PopALM: Popularity-Aligned Language Models for Social Media Trendy Response Prediction
Erxin Yu, Jing Li, Chunpu Xu
TL;DR
The paper tackles trendy response prediction for social media, aiming to generate replies likely to garner many likes. It introduces PopALM, a popularity-aligned language model trained with reinforcement learning and a curriculum-learning-enhanced PPO framework to cope with noisy like-based rewards. The approach combines supervised fine-tuning, reward modeling, and PPO-based RL, augmented by three CL-PPO components: reward enhancement, reward ranking, and self-paced sampling. Experiments on a large-scale Weibo dataset show PopALM improves both automatic and human evaluation metrics across multiple backbones and PEFT methods, and the generated responses enhance downstream tasks like poll question generation and social emotion prediction. This work provides a practical method for aligning generative models with popularity signals in real-world social media contexts.
Abstract
Social media platforms are daily exhibiting millions of events. To preliminarily predict the mainstream public reaction to these events, we study trendy response prediction to automatically generate top-liked user replies to social media events.
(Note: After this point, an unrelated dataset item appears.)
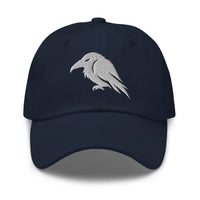 Raven embroidered dad hat, product image 5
While previous works focus on generating responses without factoring in popularity, we propose Popularity-Aligned Language Models (PopALM) to distinguish responses liked by a larger audience through reinforcement learning. Recognizing the noisy labels from user "likes", we tailor-make curriculum learning in proximal policy optimization (PPO) to help models capture the essential samples for easy-to-hard training. In experiments, we build a large-scale Weibo dataset for trendy response prediction, and its results show that PopALM can help boost the performance of advanced language models.